# Microsoft Office Application Help - Excel Help forum > Excel Programming / VBA / Macros >  >  Excel ActiveX ControlBox Cannot Insert Object error

## exceltim

Hi,

Every time I try to insert an ActiveX control (eg command button) from the control toolbox onto an Excel worksheet, I get the error "Cannot Insert Object".  I've spent two hours searching the internet for a solution and nothing seems to help.  I thought I may need to register an ocx file, but if so, I don't know what it's called.  I tried registering the fm20.dll file, but I still get the error after doing that.  Does anyone have any suggestions?  This problem also prevents me from running macros in existing workbooks that have ActiveX controls, returning "unexpected error (32811)".

Tim

----------


## royUK

What version of Excel are you using?

Is the sheet/workbook protected?

----------


## exceltim

Hi Roy,

The problem is occurring in Excel 97.  Neither the workbook nor the worksheet are protected - the problem even happens in new books.

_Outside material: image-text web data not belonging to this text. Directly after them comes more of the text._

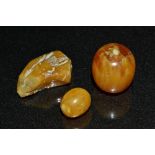 A free form amber bead, others oval, 24.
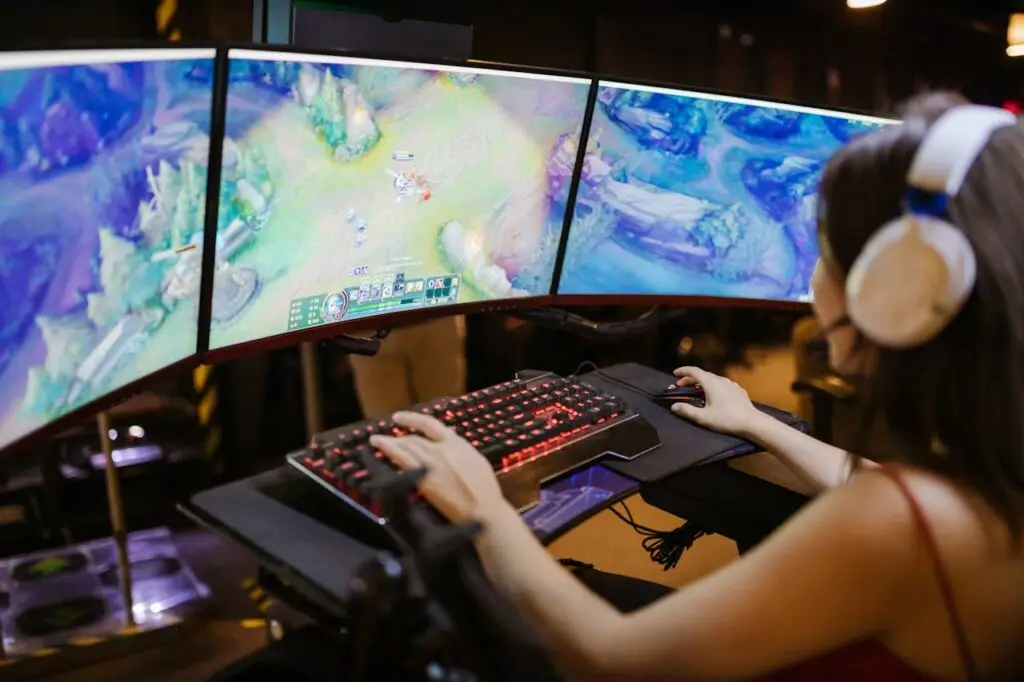 A young woman intently gaming on a multi-screen setup, showcasing vibrant gaming visuals.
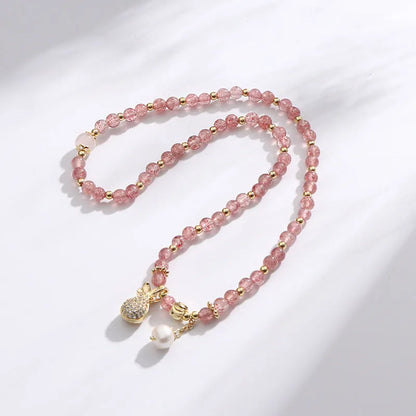 Women's geometric strawberry quartz crystal bracelet with a silver wallet money charm.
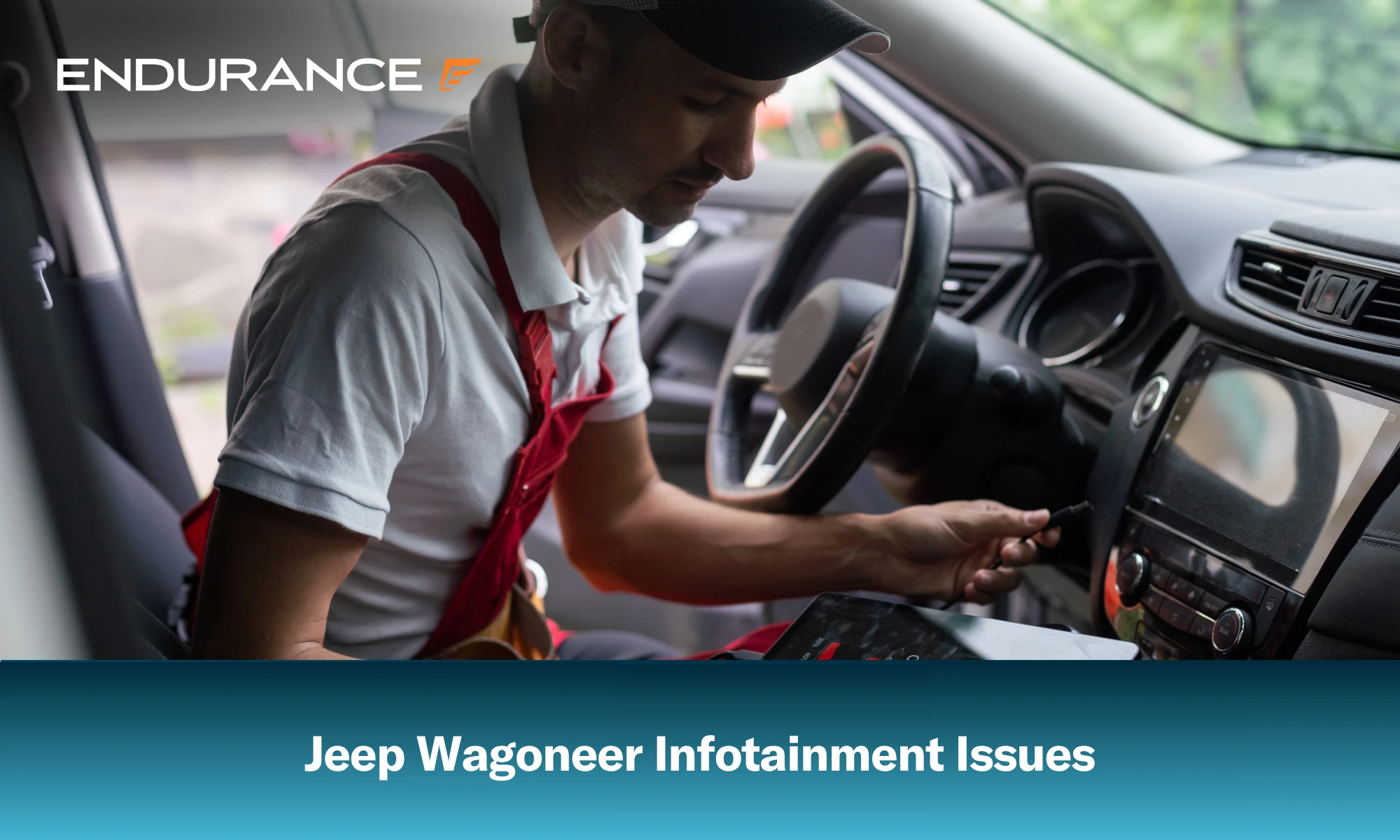 Mecánico sentado en un Wagoneer usando una tableta, problemas con el sistema de infoentretenimiento del Jeep Wagoneer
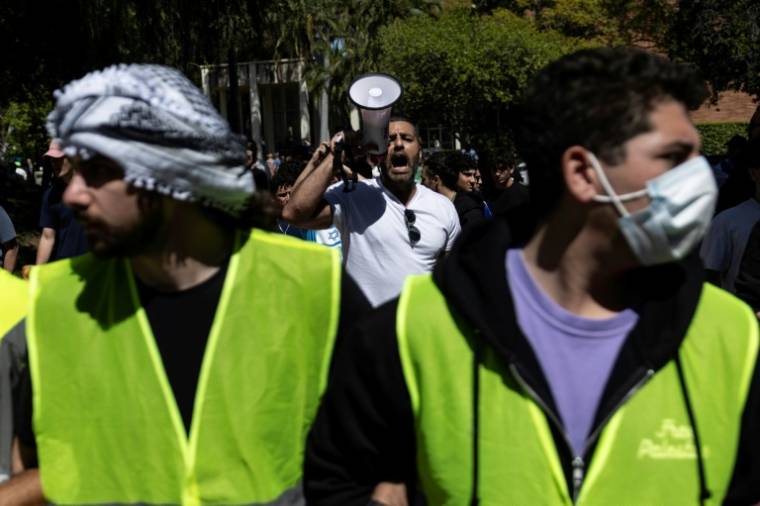 Un manifestant pro-israélien crie dans un mégaphone au cours d'une manifestation sur le campus de l'Université de Californie à Los Angeles (UCLA) le 28 avril 2024 ( AFP / Etienne LAURENT )
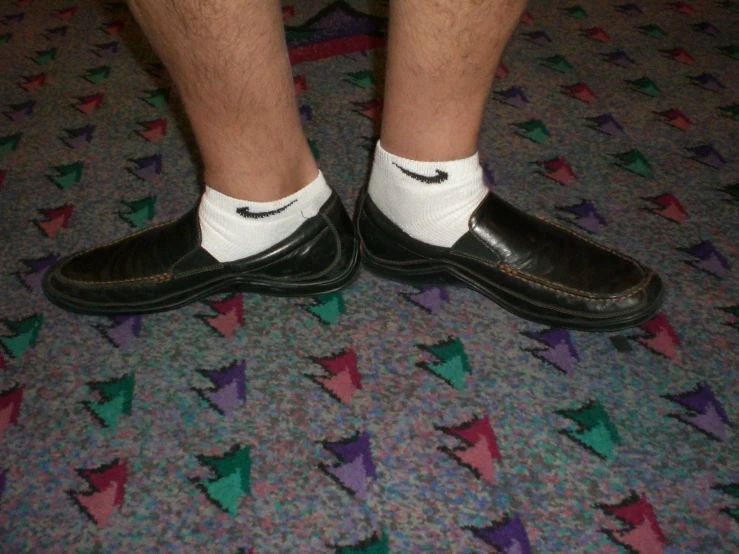 a close up view of a person with shoes on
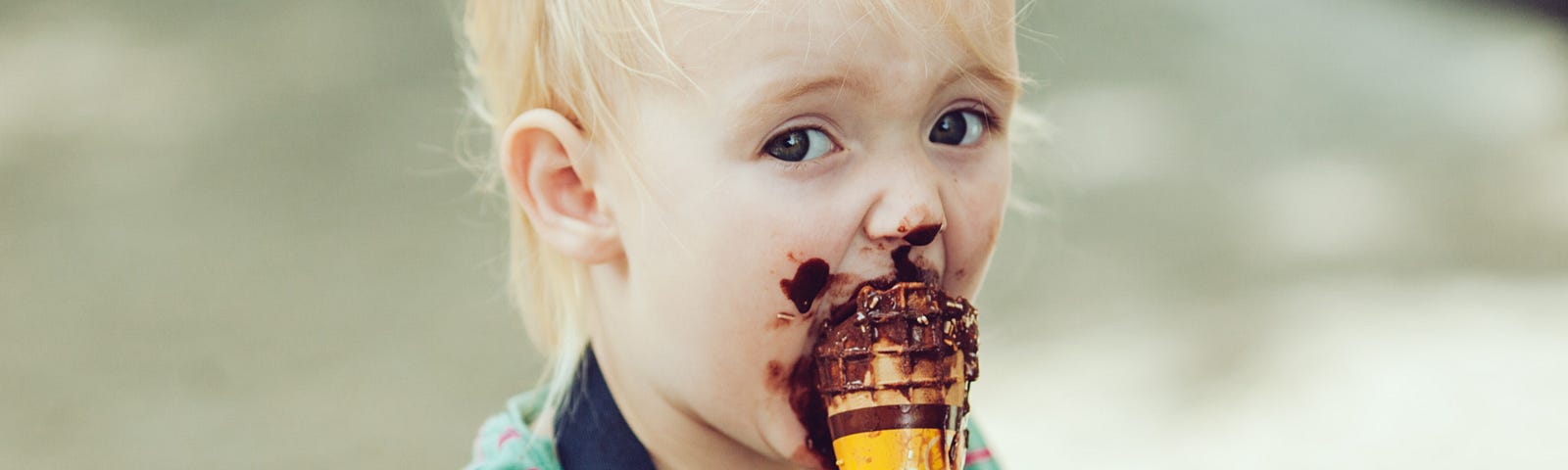 Toddler eating a chocolate ice-cream cone is looking right into the camera lens. He’s nose, cheeks, chin and hands are covered in chocolate ice-cream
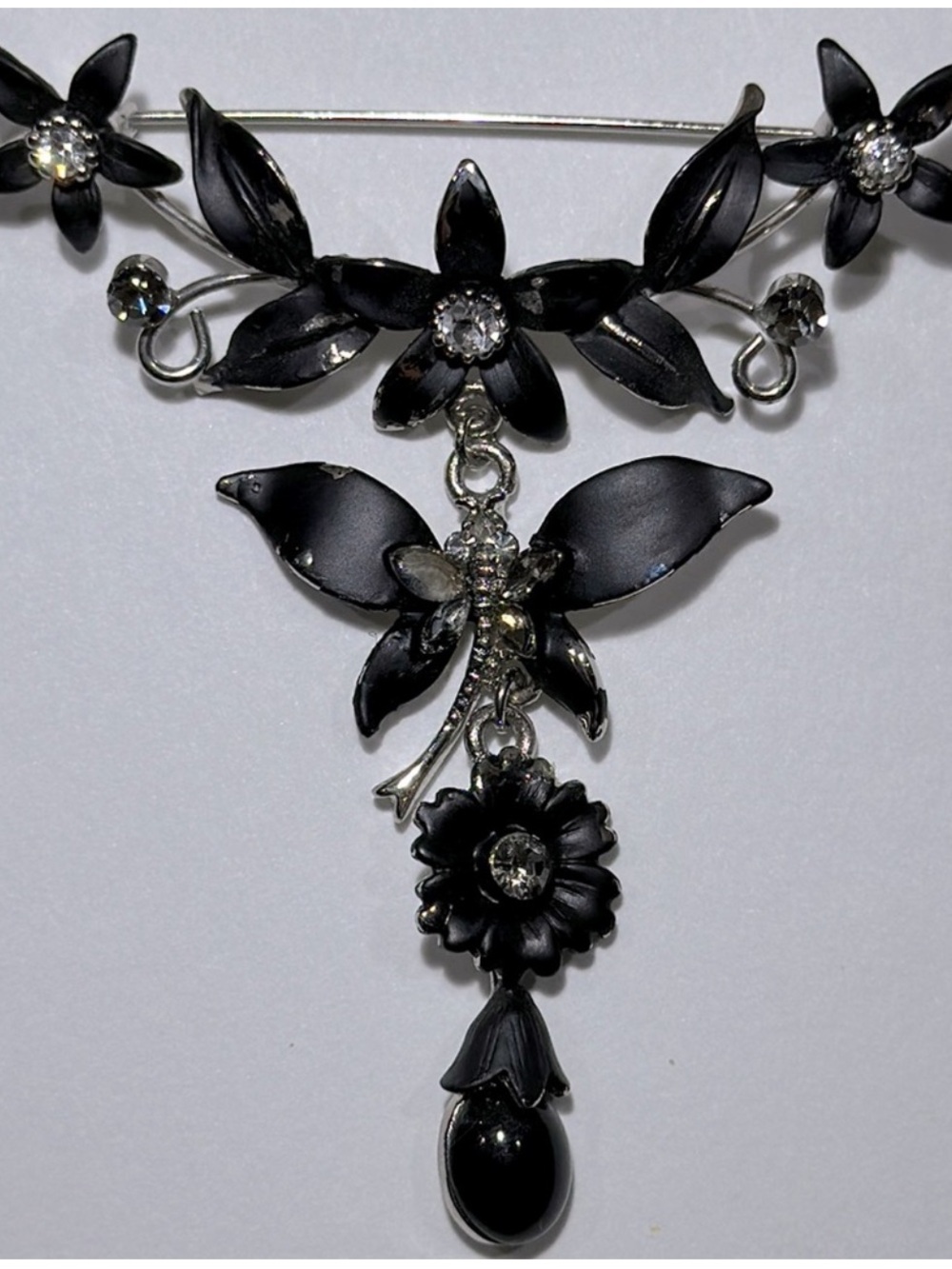 1980s Black & Silver With Rhinestone Flower & Butterfly Brooch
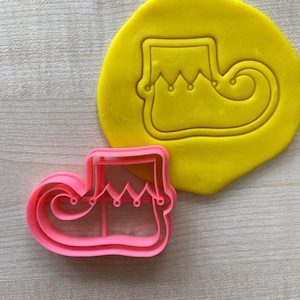 May include: Pink plastic cookie cutter shaped like an elf shoe. The cutter is on a yellow surface.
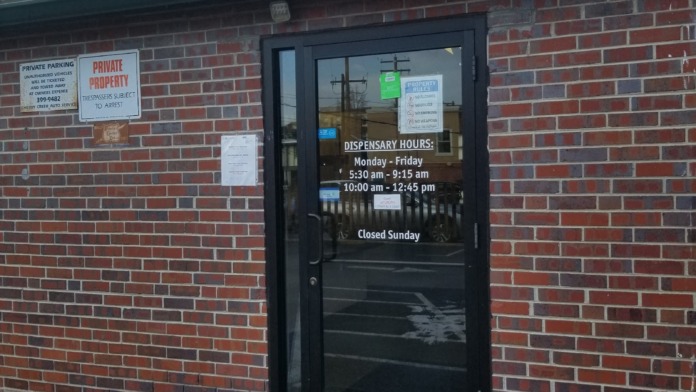 Exterior view of brick building side entrance with black door, parking and trespassing signs on brick facade
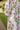 Woman wearing Lissandra Maxi Dress with pink and green floral print walking outdoors in garden setting.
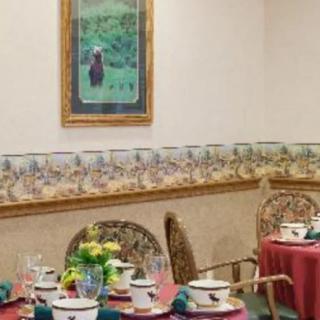 A well-decorated dining area with neatly set tables and wall artwork.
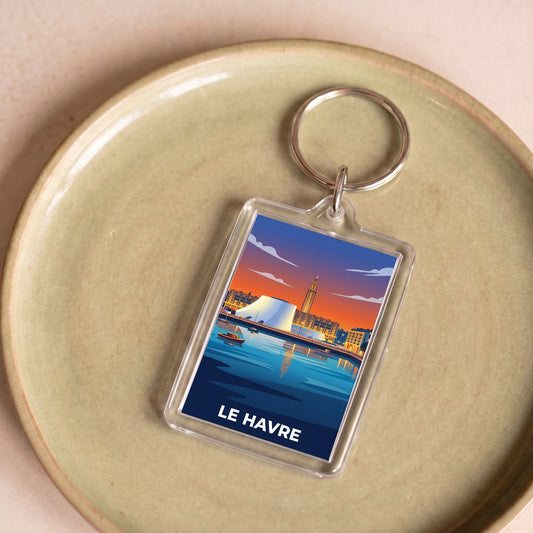 Porte-clés souvenir de la ville du Havre avec une illustration stylisée.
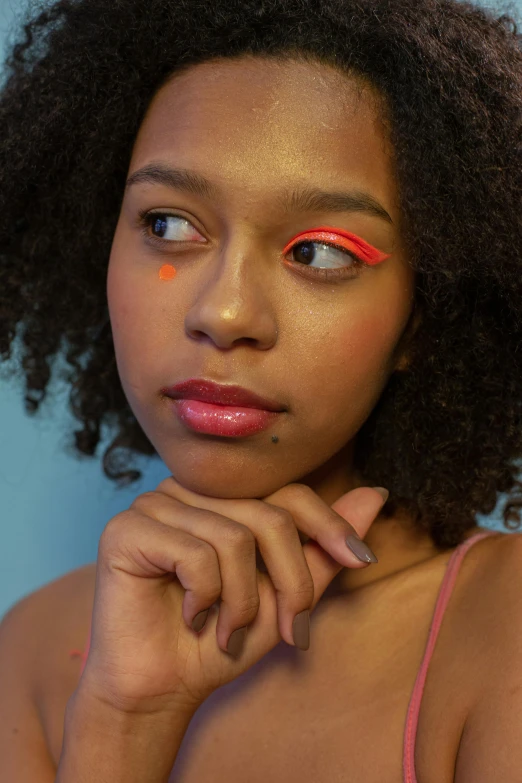 woman wearing orange, orange and yellow eye shadow makeup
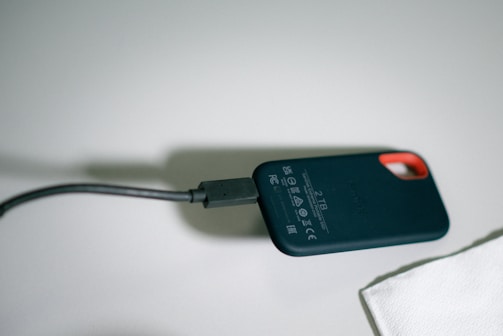 External solid-state drive with a compact design placed next to a laptop.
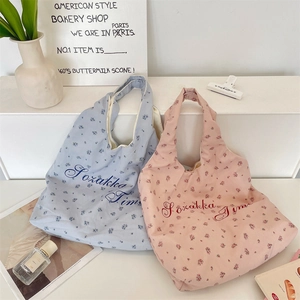 Close-up of floral canvas tote bags with blue and pink patterns and embroidered text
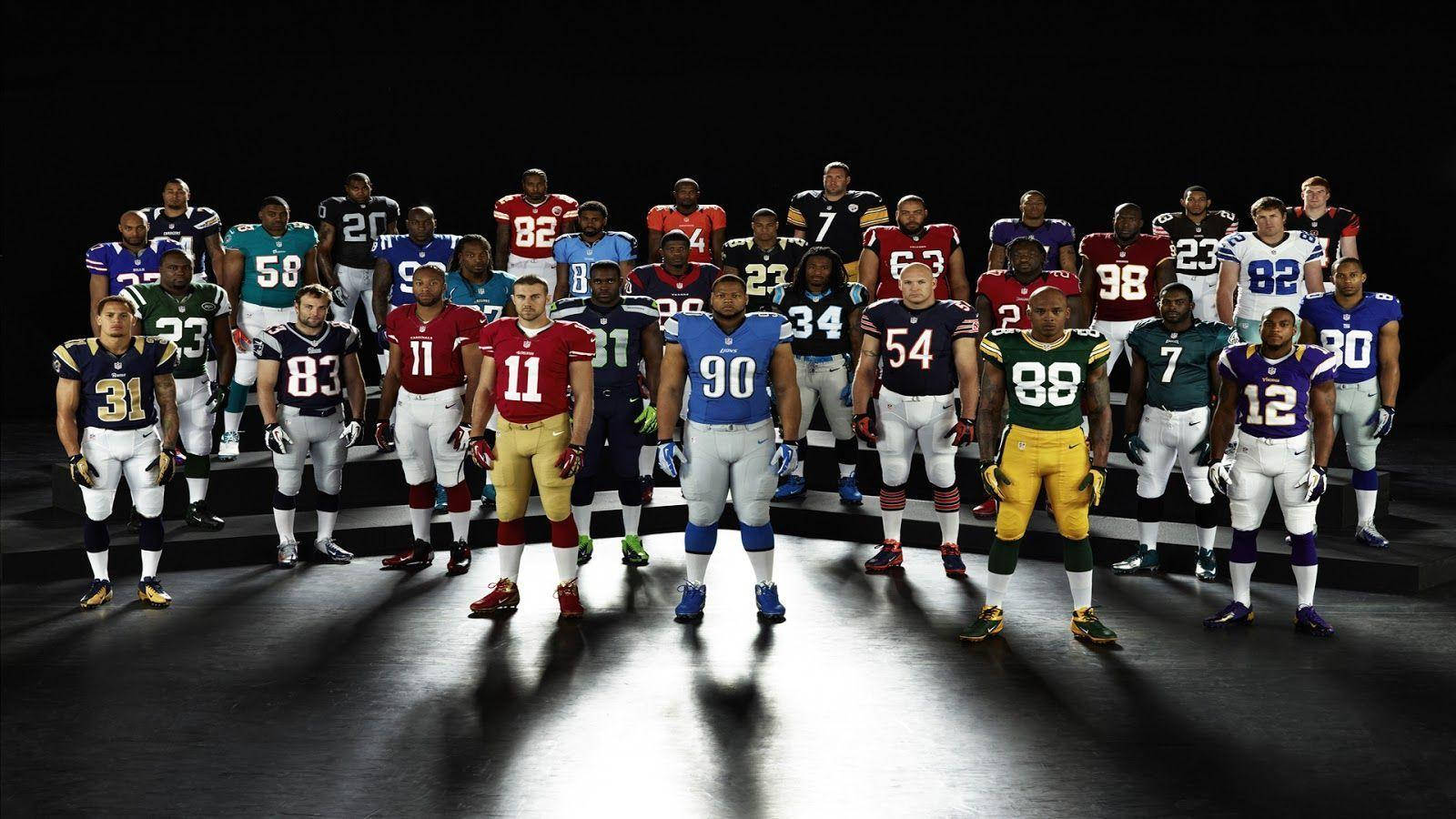 NFL美式足球運動員群像 壁紙 — 一群身穿球隊制服的美式足球NFL球員在黑暗的舞台上，在戲劇性的聚光燈下排成隊形。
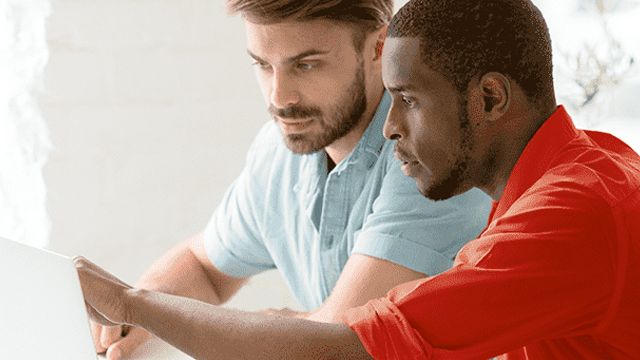 Twee mannen, een met een blauw overhemd en een met een rood overhemd, kijken naar een laptop.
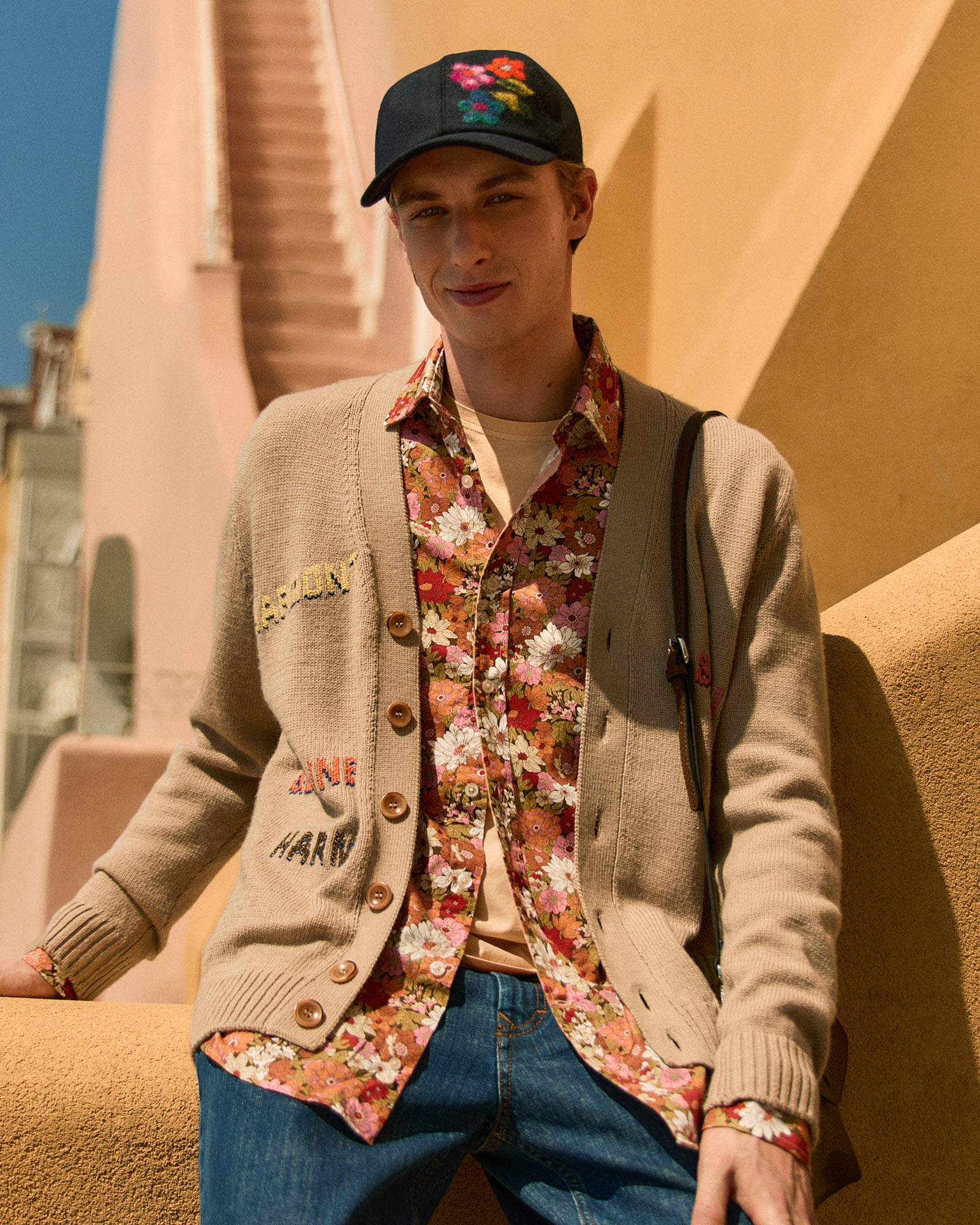 Male model wearing a beige embroidered cardigan and a colorful floral shirt.
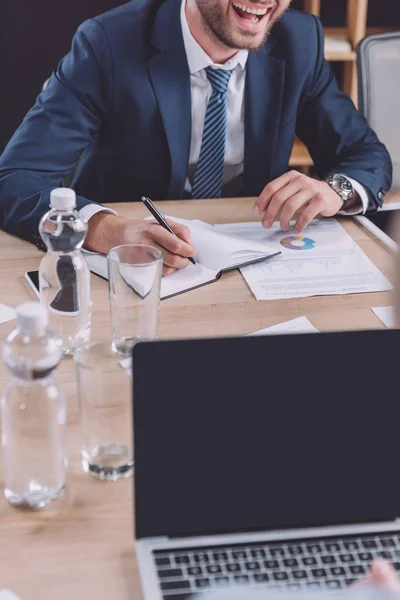 Обрізаний погляд на молодого бізнесмена, який пише в блокноті і сміється на діловій зустрічі — стокове фото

I had it working in Excel 97 under Windows Vista for a few months with no problems, then once I upgraded the operating system to Windows 7 the problem started.  I also have Office 2007, but need the 97 version for backwards compatibility - where I work there are a variety of Office versions used.

Cheers,

Tim

----------


## Leith Ross

Hello exceltim,

Try clearing out all the files and folders in the user TEMP directory. When a control is created in VBA a folder for Excel and VBE are created (Excel 8.0 and VBE). These folders hold information about the control in files with EXD extensions. These files are used are the initial creation of the control to speed loading. Although the EXD format is the same, the file contents vary depending on the Excel version being run. Problem is, these files are not deleted when you close Excel. If a file exists that contains a old control matching a newer version then the error "Cannot Insert Object" error is thrown. You can safely delete these files and folders in the TEMP directory without harm. You may also want to check your VBA References for any missing libraries.

----------


## exceltim

Thanks very much Leith.

Actually, the problem seemed to fix itself somehow - when I turned my computer on today I was able to place activex controls on worksheets in new and existing workbooks with no problem.  Perhaps it had something to do with re-registering the fm20.dll, requiring the computer to be restarted?  The only problem now is that error message "unexpected error 32811" occurring in a particular workbook - the problem part of the code seemed to be the sheet reference.  That is, my code said Sheet1.Activate, but the code wouldn't work until I changed it to Worksheets("Sheet1").Activate.  Not sure why this is the case considering Sheet1 is the sheet code name and was working perfectly before, but at least I've been able to get it working a different way.

Tim

----------


## profzeta

See:

http://support.microsoft.com/kb/3025036

Microsoft "Fix it" worked for me!

----------